Pelfrey dominated in his home debut for Double-A Binghamton Tuesday, striking out 10 and allowing two earned runs in seven innings for a no-decision in the B-Mets' 8-3 victory over the Connecticut Defenders.
Pelfrey, the Mets' No. 1 draft pick last year out of Wichita State University, said he has heard rumors of a pending promotion to the Major Leagues. His approach has been to try and block the speculation out.
"People say all kinds of stuff, like, 'Hey, you're going to be at Shea,'" Pelfrey said. "You can't listen to that, because that's going to be a downfall. You need to stay focused on the task at hand, and that's throwing here at Double-A."
Making his third Eastern League start, Pelfrey retired the first nine Connecticut batters to face him before Randy Walter chopped a double down the third base line opening the fourth inning.
Pelfrey allowed an unearned run in the fifth inning and struck out nine batters through his first six innings before running into trouble in the seventh, grinding out a frame that saw two Connecticut runs score.
In normal situations, teams might have opted for a reliever to finish the seventh inning, especially with Pelfrey nearing the end of what would be an 89-pitch outing, and with the tying and go-ahead runs aboard following two hits to open the inning.
But the Mets appear to be pushing Pelfrey, testing his guile and composure with each outing. The Mets said they were pleased with how Pelfrey bounced back from a four-inning, 13-hit blip last week at Akron, and in the seventh inning Tuesday, Pelfrey gritted through a bases-loaded situation, escaping with two runs of damage.
"The main thing is he doesn't get upset at anything on the mound," said Rick Waits, the Mets' Minor League pitching coordinator. "He knows how to pitch, has tempo on mound and goes right after hitters. He knows his stuff is good."
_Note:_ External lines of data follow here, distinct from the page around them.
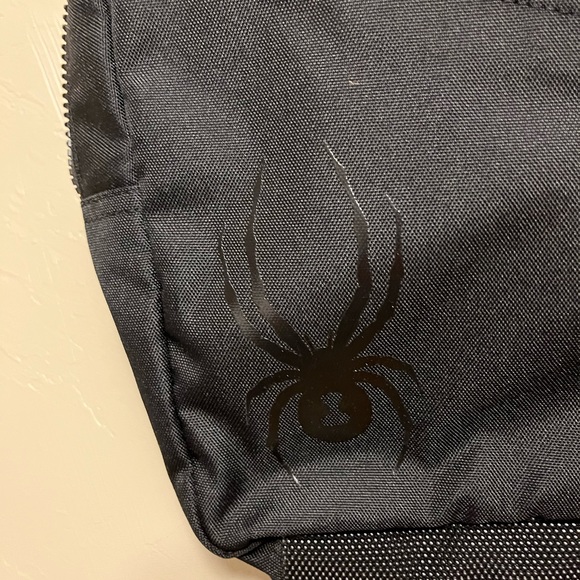 Like new black Spyder messenger cross body iPad nylon bag adjustable strap - Picture 2 of 15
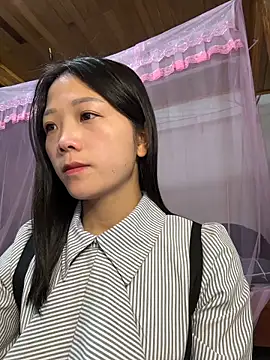 thaoyeuuu online show from November 25, 12:29 pm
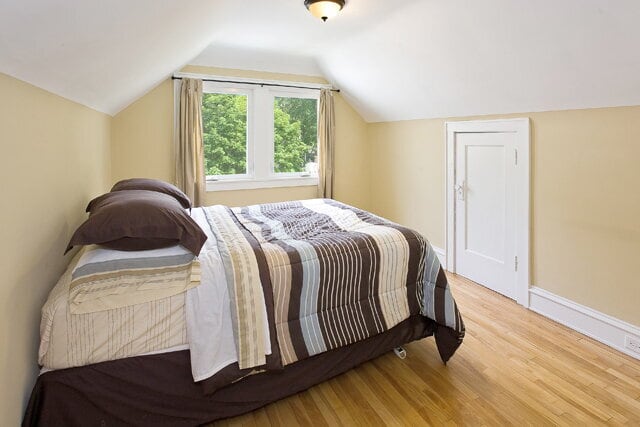 Building Photo - Charming 3-Bed Home in Southeast Minneapolis!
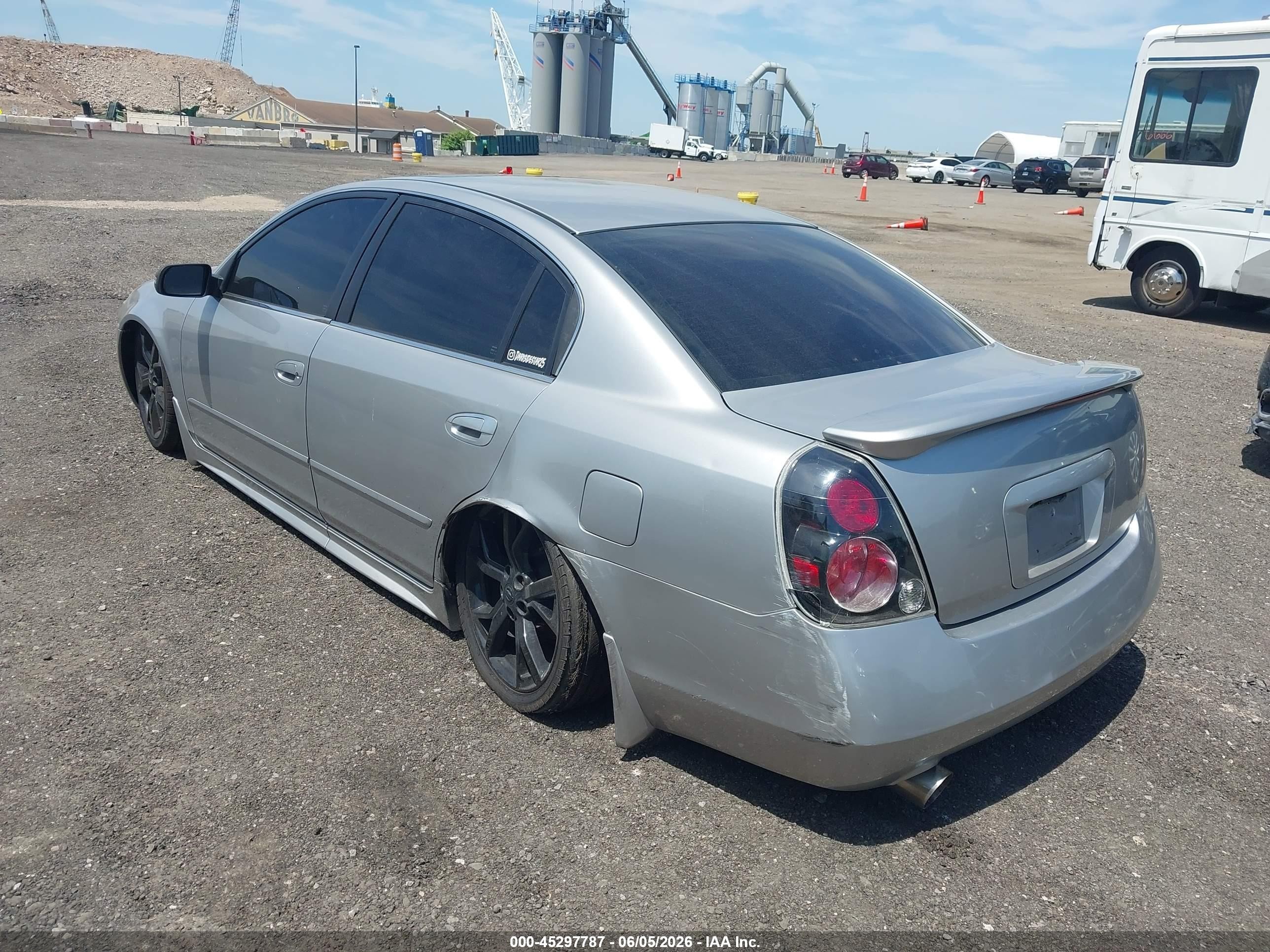 2005 Nissan Altima 3.5 Se Silver vin: 1N4BL11D95C266667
Pelfrey scattered seven hits in Tuesday's effort, but had several sparkling moments. Taking advantage of a generous strike zone, he struck out batters with each of his three main pitches, gunning a 95 MPH fastball to the plate with a smooth, efficient delivery, and kept hitters guessing with a good change-up and a big, sweeping curveball.
"This guy is awesome," said catcher Yunir Garcia, who has worked with Pelfrey in his three Double-A starts. "I like when this guy throws. Every pitch is like a strike – inside, outside. He's not scared. He's good, man. I think he's good."
Though Pelfrey believes he needs to be able to work in his change-up and curveball more often, instead of relying on the fastball, he said he would still give Tuesday's effort a "B" rating.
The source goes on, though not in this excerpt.